After cannabis was legalized in Canada, more drivers have been getting high and hitting the road, according to new research.
A recent study published in the New England Journal of Medicine shows that the number of drivers with moderate injuries testing positive for THC has more than doubled since cannabis was legalized in Canada.
Patient visits were tracked at four trauma centres in British Columbia, and the largest increase seen was among male drivers over 50. There were no significant changes in drivers testing positive for alcohol — alone or in combination with pot.
On Thursday, lead researcher and associate professor at the University of British Columbia’s department of emergency medicine Jeffrey Brubacher said in a statement that the “dramatic” increase is concerning, and the findings may be a signal more Canadians are choosing to drive under the influence of cannabis.
“There are serious risks associated with driving after cannabis use,” he said. “Our findings suggest more is needed to deter this dangerous behaviour in light of legalization.”
Brubacher explains that while cannabis use is associated with cognitive deficits and psychomotor impairment, the presence of THC in the blood isn’t always an indicator that a collision was caused by cannabis impairment.
Other studies led by Brubacher have shown little evidence that THC concentrations below 5 nanograms per millilitre increase the risk of motor vehicle accidents, but over this concentration it does increase risk.
A person who smokes a joint can expect upwards 100 nanograms per millilitre within 15 minutes, but those levels drop to less than 2 nanograms per millilitre within a couple of hours.
For the study, researchers looked at 4,339 blood samples from “moderately” injured drivers treated at four trauma centres in British Columbia between January 2013 and March 2020.
Brubacher’s lab measured THC levels in blood left over after being used for clinical purposes.
Before legalization, nearly 4 per cent of the drivers’ blood had THC concentrations in their blood above the legal driving limits of 2 nanograms per millilitre, compared to almost 9 per cent post-legalization.
“The evidence shows that these new laws are not enough to stop everyone from driving after using cannabis,” Brubacher says.
“We hope that policymakers will use our findings to design public information campaigns and enforcement measures that encourage drivers, especially older drivers, to separate cannabis use from driving.”

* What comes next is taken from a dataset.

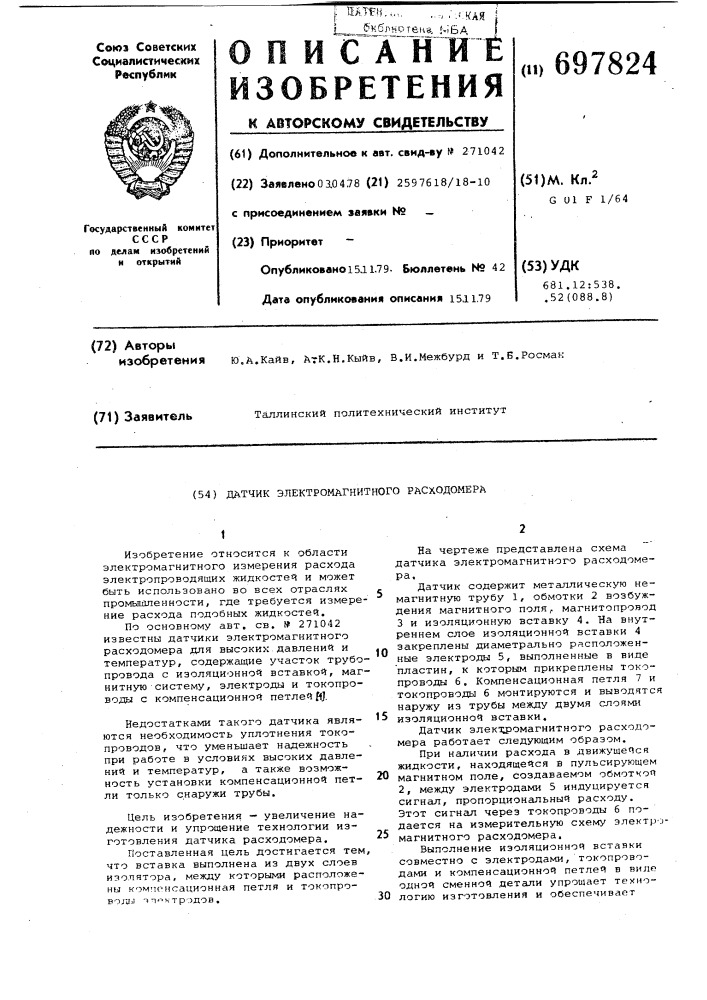 Датчик электромагнитного расходомера (патент 697824)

He also says it’s important not to lose sight of alcohol-impaired driving, which is extremely high risk, especially when combined with cannabis.
Brubacher is currently expanding the research to 15 trauma centres across Canada, hoping to provide more insight and help policymakers.
“As I’m sure you know, the presence of THC in itself doesn’t necessarily mean that the person was impaired. But the fact that the percentage of drivers with THC above the legal limit doubled isn’t great.”